La mariée était en blanc
Exils # 93 (19/03/2025)
Mythomane à Mexico ? Bovarysme à l’El Globo ? Luisa débarque de sa campagne, d’un « village » aux « deux mille habitants », dans une « pâtisserie française » se rend, où pour une mendiante on la prend, cependant posthume recommandation de la « tante » du bon patron, veuf avec enfants, aux groom et employées plutôt bien traités. Douée, adoubée, la discrète s’adresse à des personnages en sucre, une petite pièce occupe, dont la fenêtre pauvrette permet au voisinage, trivial outrage, de la mater, de ses manières se moquer, aussi elle quitte ce quartier de concierges, au-dessus de « bureaux » et de « caves » se perche. Sur le toit-terrasse, de colère lasse, on peut apercevoir des enseignes américaines, spectacle nocturne d’un capitalisme qui l’illumine et ne l’importune. Via une variation de la célèbre pantoufle de vair de Cendrillon, elle (se) raconte à ses collègues allègres sa rencontre avec son propre prince trop charmant, « chauffeur » doté d’un cœur auprès duquel réchauffer le sien. Hélas, la godasse de l’esseulée se fait fissa écraser, présage de ses amours avortées, vraie-fausse grossesse à la clé. De mensonges par omission en « songes » de (dis)solution, cette femme fréquentable trompe son monde, piégée à l’insu de son plein gré, mais sa lucidité conservée lui évite de sombrer, de basculer, à l’image du miroir animant le simulacre du mariage. Luisa lit et se redit le mot « oubli », ne rêve éveillée à la Lean & Minnelli, ne dessille ses amies, séduit sans peine un photographe et un dessinateur complices inconscients de sa mise en scène. Si le développement personnel invite à être acteur de sa vie, la voici devenue l’actrice de la sienne, où (main)tenir le premier rôle, triste et drôle (ne pas oublier de sortir rembourrée). En vérité, elle pourrait tout avouer au boss pourvu d’un patronyme connoté (Monsieur Albino), manque de le faire en plein air, derrière le surcadre d’un arbre, remet à plus tard, se tire dare-dare.

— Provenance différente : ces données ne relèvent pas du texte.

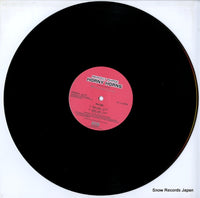 FAP-08 disc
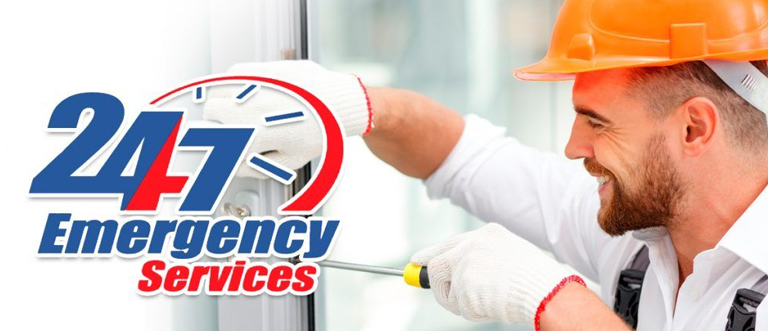 24 hour Commercial Locksmith signal-hill
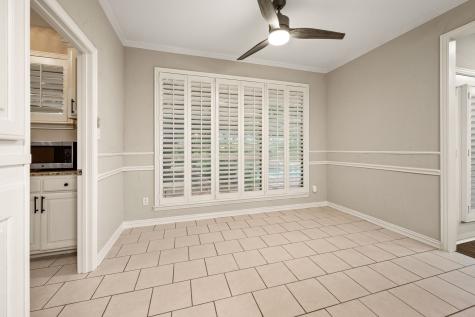 5851 Windridge Lane Flower Mound TX 75028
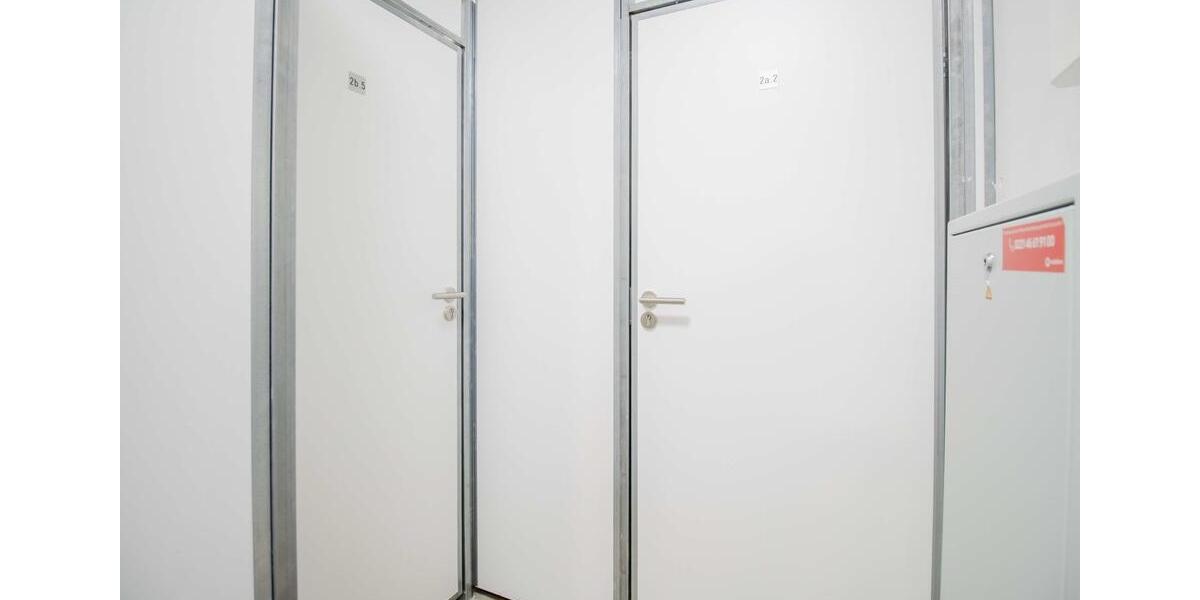 Etagenwohnung Heilbronn Frankenbach - 2.5 Zimmer, 67 m&sup2;, 1.090&euro; | Angebot:18991530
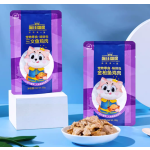 猫条厂家-定制猫条猫零食液体猫湿粮OEM工厂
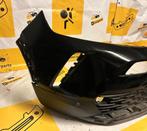 OPEL MOKKA II B VOORBUMPER BUMPER 4XPDC 9835278480 Origineel, Auto-onderdelen, Gebruikt, Voor, Opel, Ophalen of Verzenden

La délurée Rita, sous l’influence du factice exemple, finit par se ranger, se caser donc se maquer, parle de « fantasme » au sujet du fiancé fantomatique et déjà marié (s’indigne une domestique au bout du fil, dérangée par un curé), peut-être pas même énamouré, sorte d’Arlésienne inversée, la principale intéressée opine, planquée. Le berceau et les jouets en accessoires du jour et du soir, le spectateur attend un plan du bébé en POV, devra se contenter du travelling d’un couple d’ombres au sol. Passagère ferroviaire, telle une certaine Anna Karénine, Luisa ne se suicide, se déleste de l’attirail tendre et infernal devant une crèche comme d’autres d’un gosse sur le seuil d’une église. Le film se termine à deux reprises, d’abord au soleil, ensuite entre les ténèbres. Pendant l’épilogue au lyrisme antidépressif, aux statues enfantines et liquides, l’(anti-)héroïne sourit, en marche et en vie, veut croire à l’éternité de « l’espoir », nous itou. Pourtant l’excellente et récompensée Pina Pellicer (La Vengeance aux deux visages, Brando, 1961) décidera de s’endormir du grand sommeil peu après, somnifères en solitaire vite avalés. Au côté des convaincants Evangelina Elizondo (juvénile voix locale du Cendrillon de Disney sorti en 1950) & Ignacio López Tarso (Au-dessous du volcan, Huston, 1984), elle ressuscite en ligne, prend sa (juste) place parmi ses émouvantes consœurs chez Brocka, Sirk & Fassbinder. En dépit de la présence importante d’un compositeur (Raúl Lavista), de scénaristes (Julio Alejandro & Emilio Carballido), d’un dirlo photo (Gabriel Figueroa) liés à Buñuel, à demi Mexicain parce qu’il le valait bien, Gavaldón éclipse Luis et Jours d’automne (1963), sa vision du Frustration de Traven, corrige le cynisme du satiriste du Trésor de la Sierra Madre (Huston 1948, encore un conte de désillusion), pratique des contre-plongées à la Welles et des perspectives à la Duvivier. Dégraissé de pathos jusqu’à l’os, l’élégant mélodrame désarme.